Testimony on
Issues Surrounding the Sale of Vermont Yankee

Vermont Senate Finance Committee

January 18, 2001

My name is Annette Smith. I live in Danby. I am Executive Director of Vermonters for a Clean Environment, a grassroots organization formed as a result of the proposed natural gas power plant and pipeline project in southwestern Vermont. For the past two years, I have been following energy issues regionally and nationally, with emphasis on natural gas, energy markets, and deregulation.

My comments today are not directly related to who buys Vermont's nuclear power plant or for how much. I agree with others who feel that the case before the Public Service Board concerning the sale of Vermont Yankee is and should be insulated from politics. VCE is not a party to that case and we do not intend to intervene in that docket.

The energy marketplace is changing so fast that it is hard for people, even those in the industry, to keep up. Vermonters are watching the proposed sale of Vermont Yankee, arbitration over the Hydro-Quebec Contract, a restructuring docket before the Public Service Board, and other utility issues that await resolution. Everyone seems to be holding his breath waiting for all these issues to be resolved before entering into a discussion about Vermont's energy future.

I would like to suggest that right now is the time to be talking about Vermont's electricity issues. Should Vermont Yankee be sold, or should it remain under the ownership of Vermont's regulated utilities, maintaining the status quo? What is most likely to happen if we stay the course the utilities are on, selling Vermont Yankee, getting out of the Hydro-Quebec contract, and embracing the current fantasy of "consumer choice" and "retail competition?"

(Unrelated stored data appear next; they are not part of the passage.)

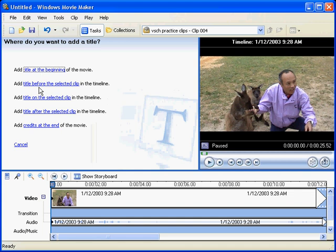Title at the beginning, title before the selected clip, title on the selected clip, title after the selected clip, and credits at the end. All pretty obvious what they do. Title at the beginning.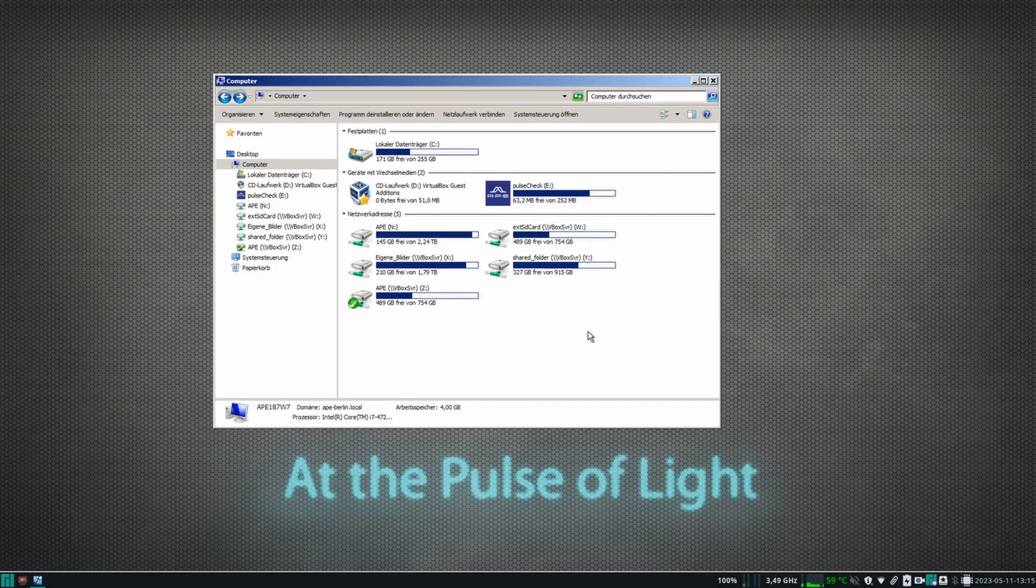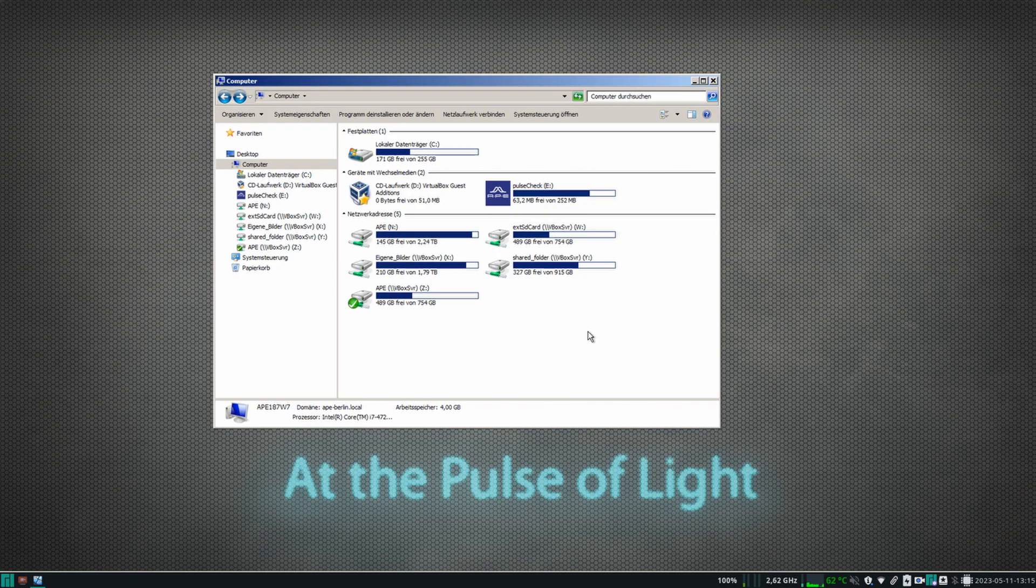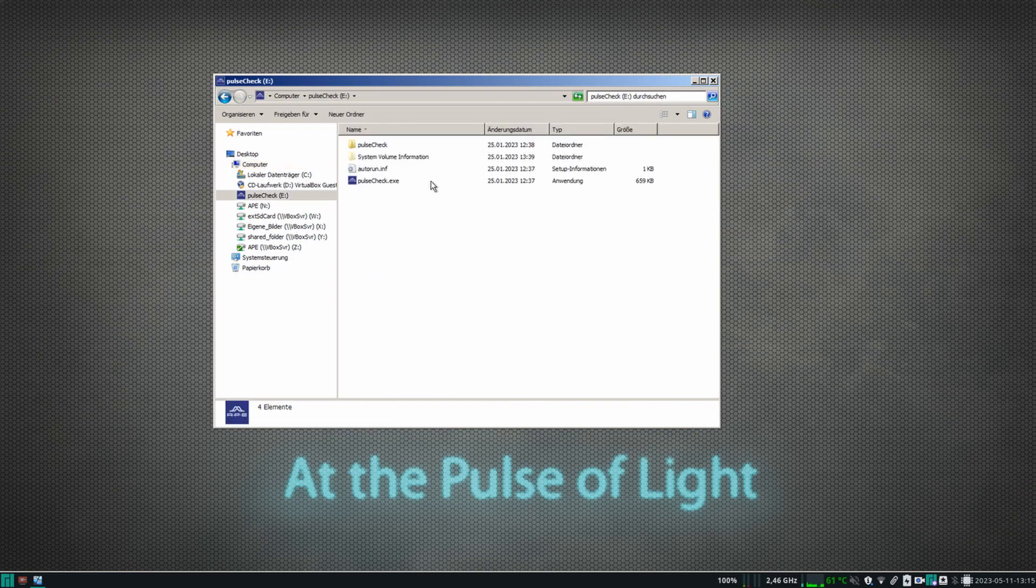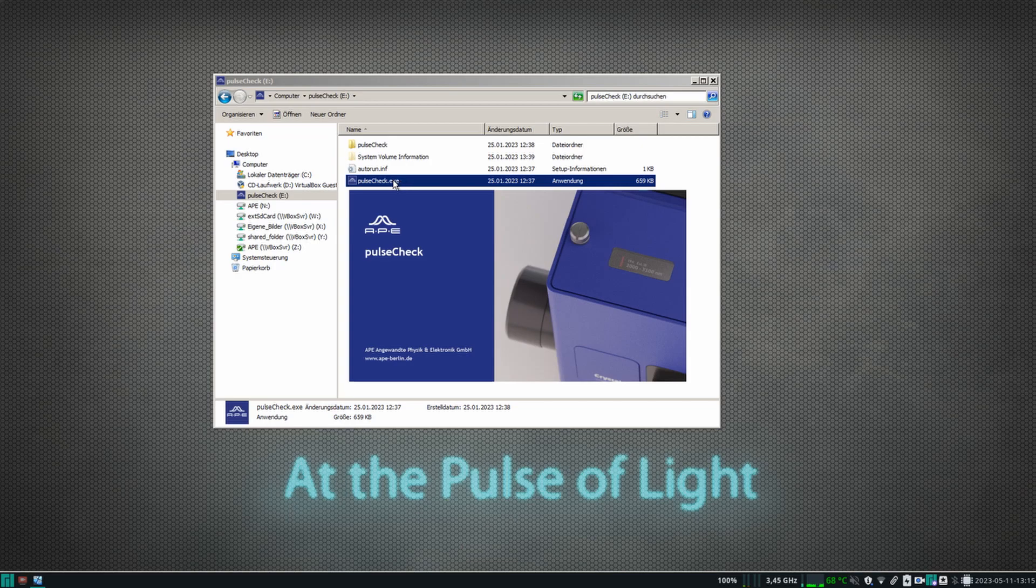For our demonstration, let's use USB for the connection. Start the software to begin measuring the pulse duration.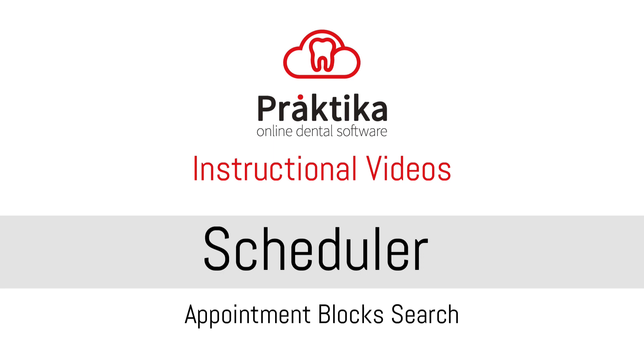Hello, welcome to Praktika's instructional video on how to find available blocks for quick appointment creation. This video will cover the use of the searching interface to find available appointment blocks in the Praktika scheduler.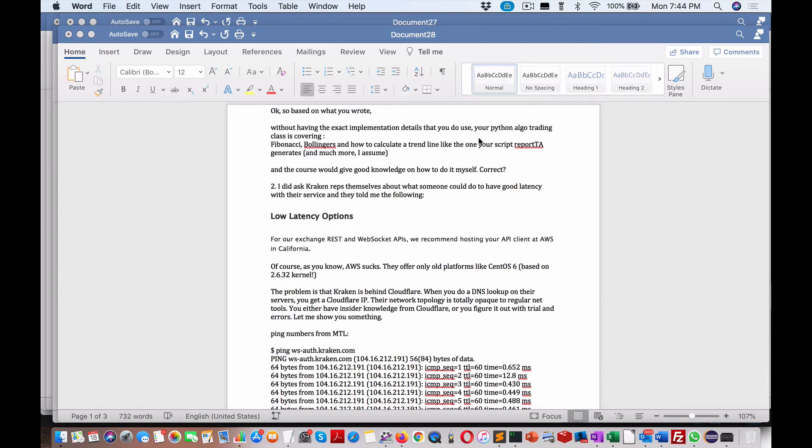Hi everybody, Brian here from Quantlabs.net. Today in this video I'm doing a continuation of a previous video I just recorded regarding Vulture and Linode virtual servers that you can have on those networks. Private ones like the cloud, but there are concerns with latency.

The energy marketplace has been rearranged to maximize profits for industry, especially the very large companies who own the merchant power plants in the deregulated markets and the companies making money on commodities trading. Market forces are being configured to drive up the price of electricity. The marketplace is not being rebuilt in favor of ratepayers.

It is in that context that Vermonters need to reconsider the sale of a valuable asset, the Vermont Yankee nuclear power plant.

In preparation for my testimony today I consulted the many sources I developed over the course of two years dealing with energy issues. Almost everyone I contacted suggested, without prompting, that Vermont Yankee should not be sold at this time. It is a known source of power at a fixed price, and is a depreciated asset. Ratepayers have been paying into a decommissioning fund that is deemed to be adequate, and the 12 years left on Yankee's license gives time to plan for alternative sources of energy.

Not long ago, the chorus was saying that new natural gas generation would provide an ample source of cheap energy. Virtually all new power generation has been planned to be fueled by natural gas. Energy analysts seem to agree that enough new natural gas generation is now either approved or under construction to meet the future needs of the New England market. But now the marketplace has real concerns about natural gas price and supply, such that New England's future power supply is likely to be expensive and unpredictable.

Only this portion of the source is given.